> [Work request]:
Transcribe all the entries word for word, omitting any pictures they contain.

--- Extracted records Enclosed Below ---

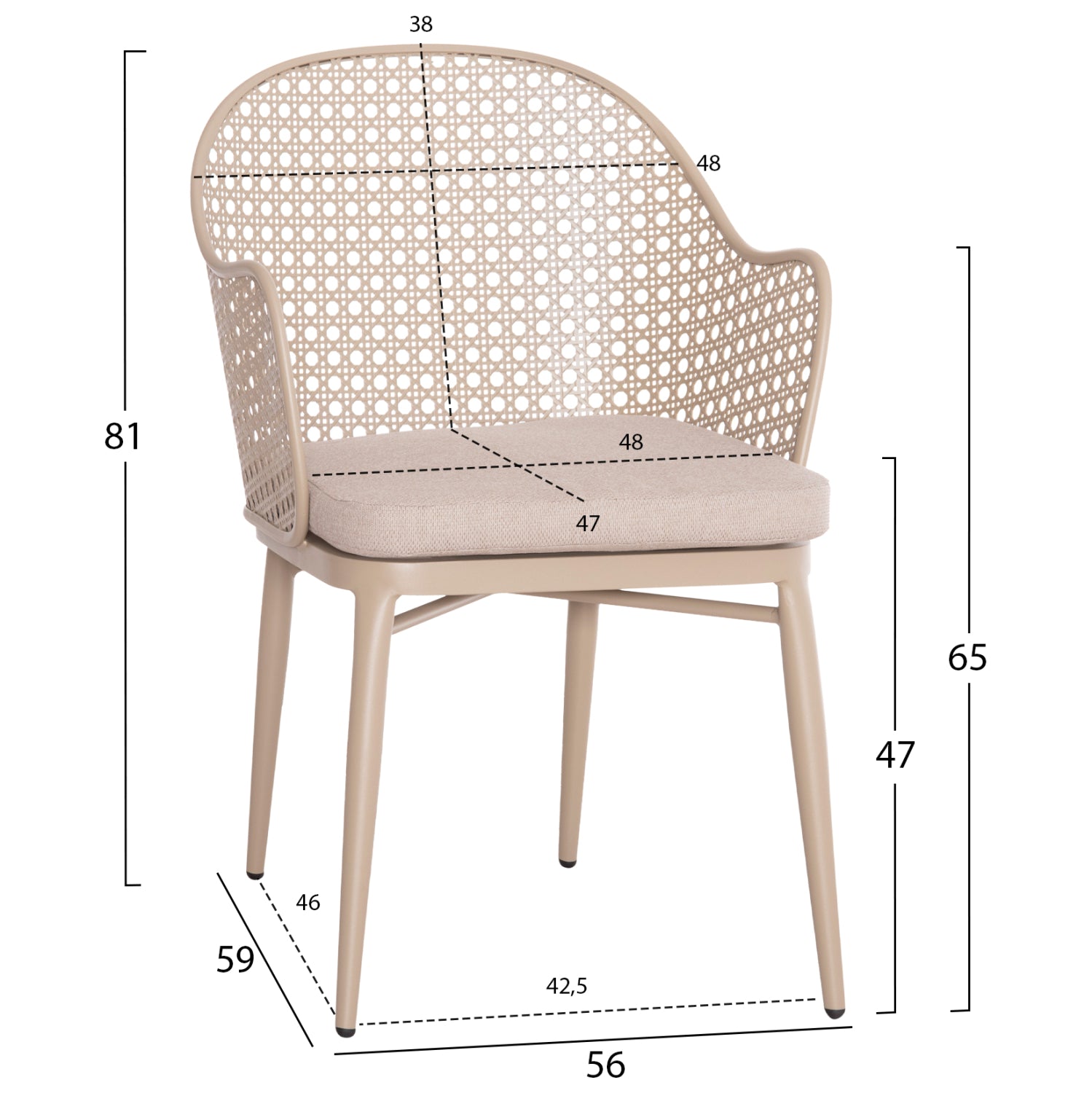 ΣΕΤ LOUNGE 3TMX ΕΞ.ΧΩΡΟΥ OREGO HM21107.03 ΑΛΟΥΜΙΝΙΟ & ΜΕΤΑΛΛΟ ΣΕ ΚΑΠΟΥΤΣΙΝΟ - Pakobazaar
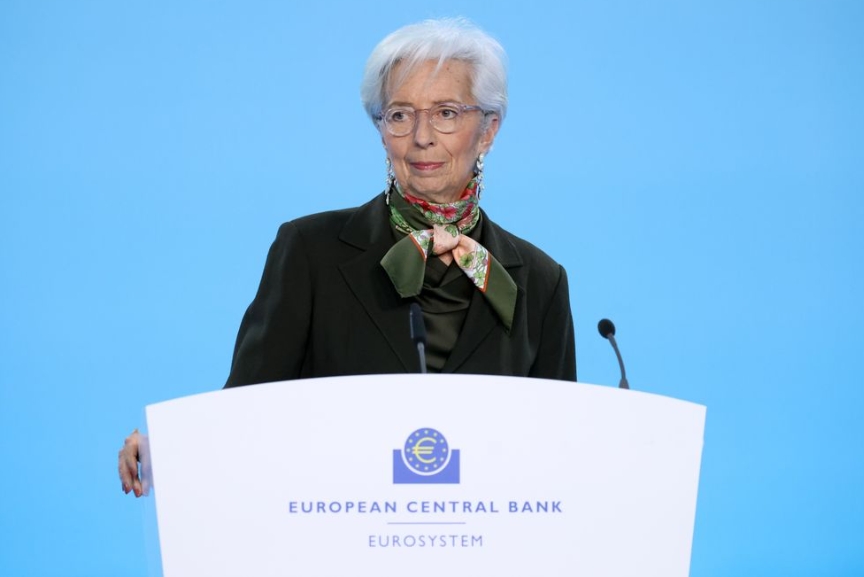 사진=크리스틴 라가르드 ECB 총재, 블룸버그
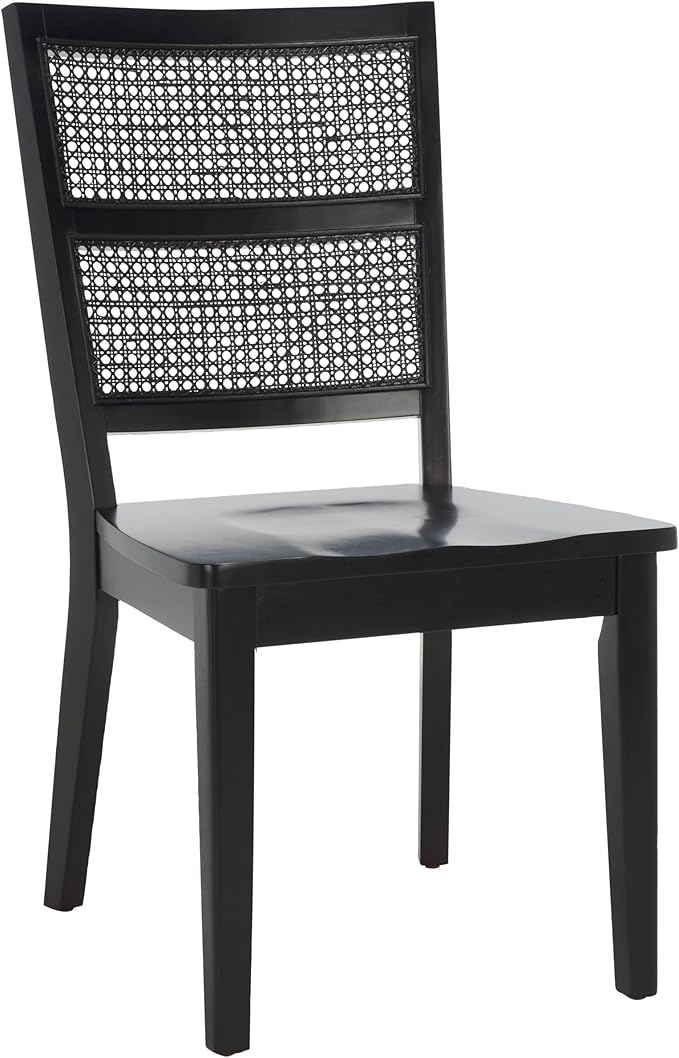SAFAVIEH Home Collection Toril Coastal Black Dining Chair Set of 2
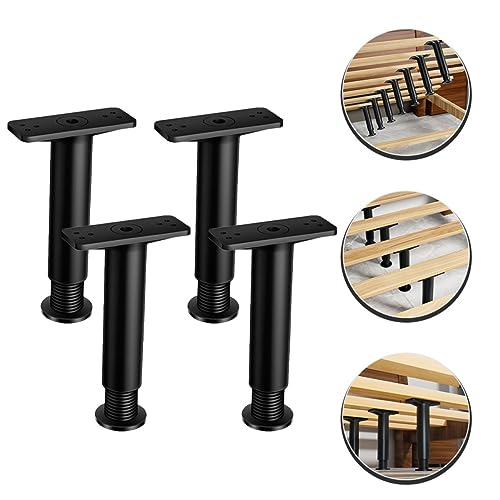 Soporte central ajustable para cama de 4 piezas que previene el hundimiento 7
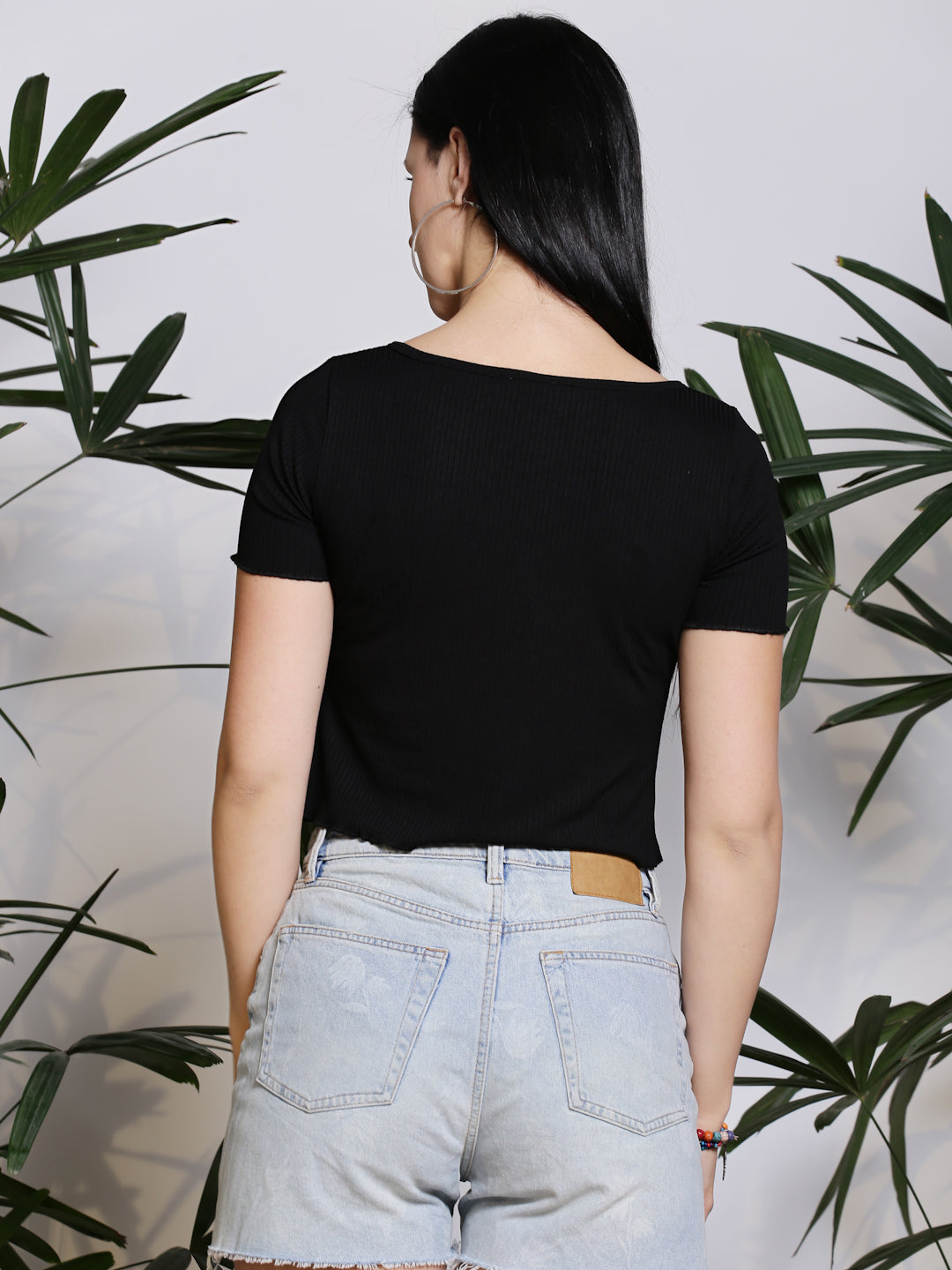Black Crop Tops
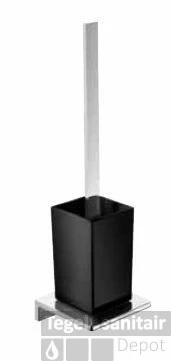 Emco Asio Closetborstelhouder Met Kristalzwarte Inzet Chroom-chroom 3 Emco Asio Closetborstelhouder Met Kristalzwarte Inzet Chroom-chroom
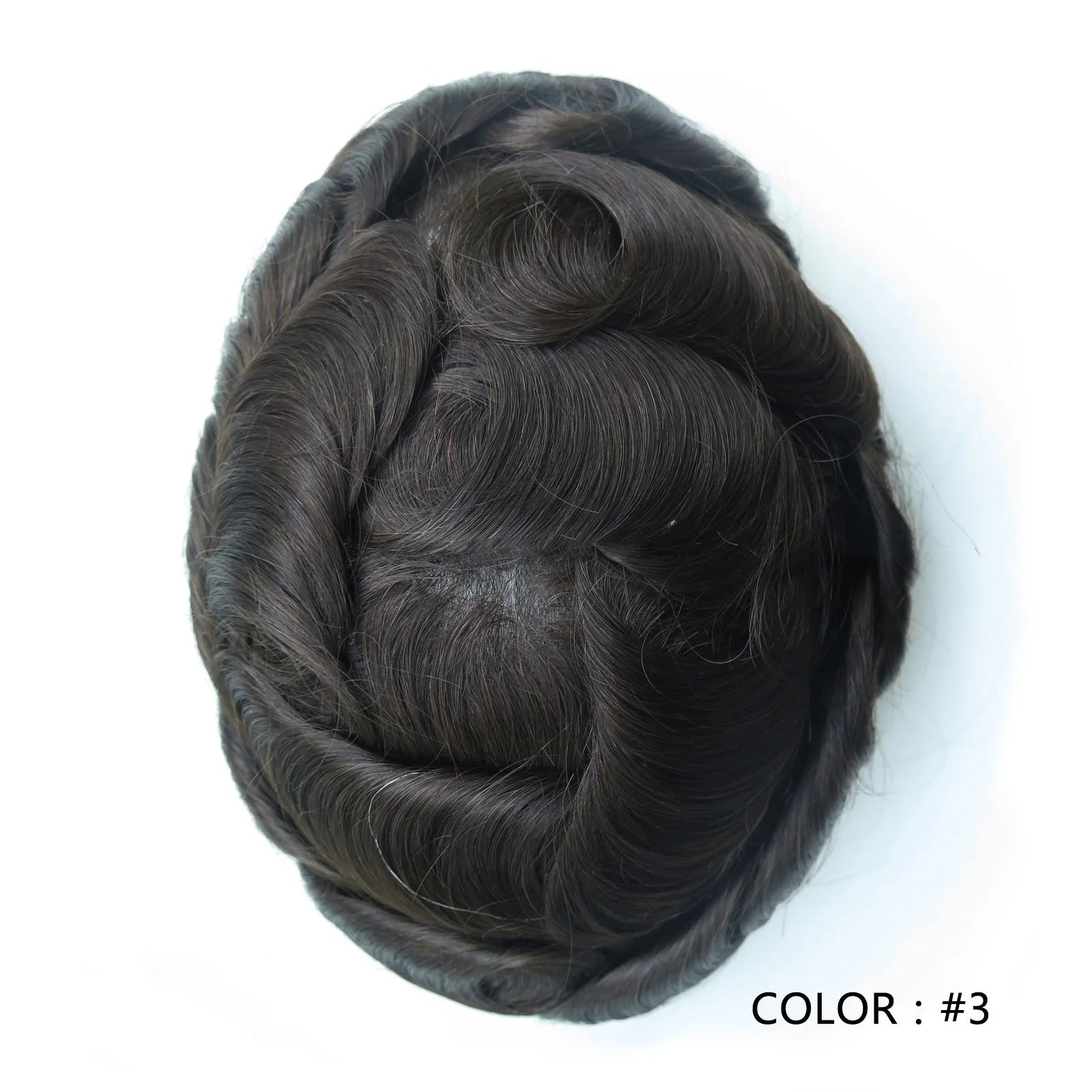 Injected Lace Silk Top Human Hair Toupee – 8 Inch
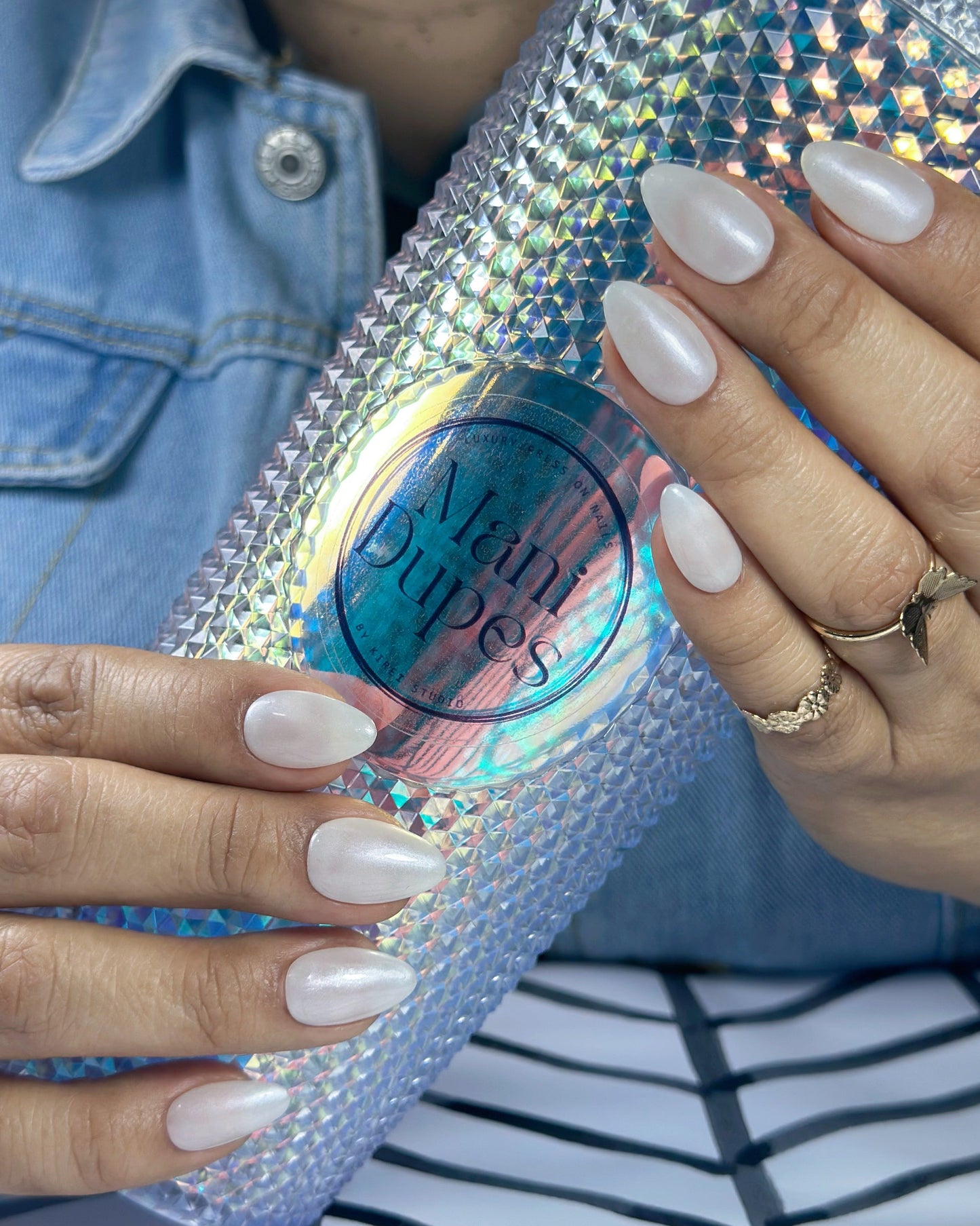 Perla RTS (Press-On Nails hechas a Mano)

--- End of Enclosed Extracted records ---

> [Finished task]:
 ΣΕΤ LOUNGE 3TMX ΕΞ.ΧΩΡΟΥ OREGO HM21107.03 ΑΛΟΥΜΙΝΙΟ & ΜΕΤΑΛΛΟ ΣΕ ΚΑΠΟΥΤΣΙΝΟ - Pakobazaar
 사진=크리스틴 라가르드 ECB 총재, 블룸버그
SAFAVIEH Home Collection Toril Coastal Black Dining Chair Set of 2
 Soporte central ajustable para cama de 4 piezas que previene el hundimiento 7
Black Crop Tops
 Emco Asio Closetborstelhouder Met Kristalzwarte Inzet Chroom-chroom 3 Emco Asio Closetborstelhouder Met Kristalzwarte Inzet Chroom-chroom
 Injected Lace Silk Top Human Hair Toupee – 8 Inch
 Perla RTS (Press-On Nails hechas a Mano)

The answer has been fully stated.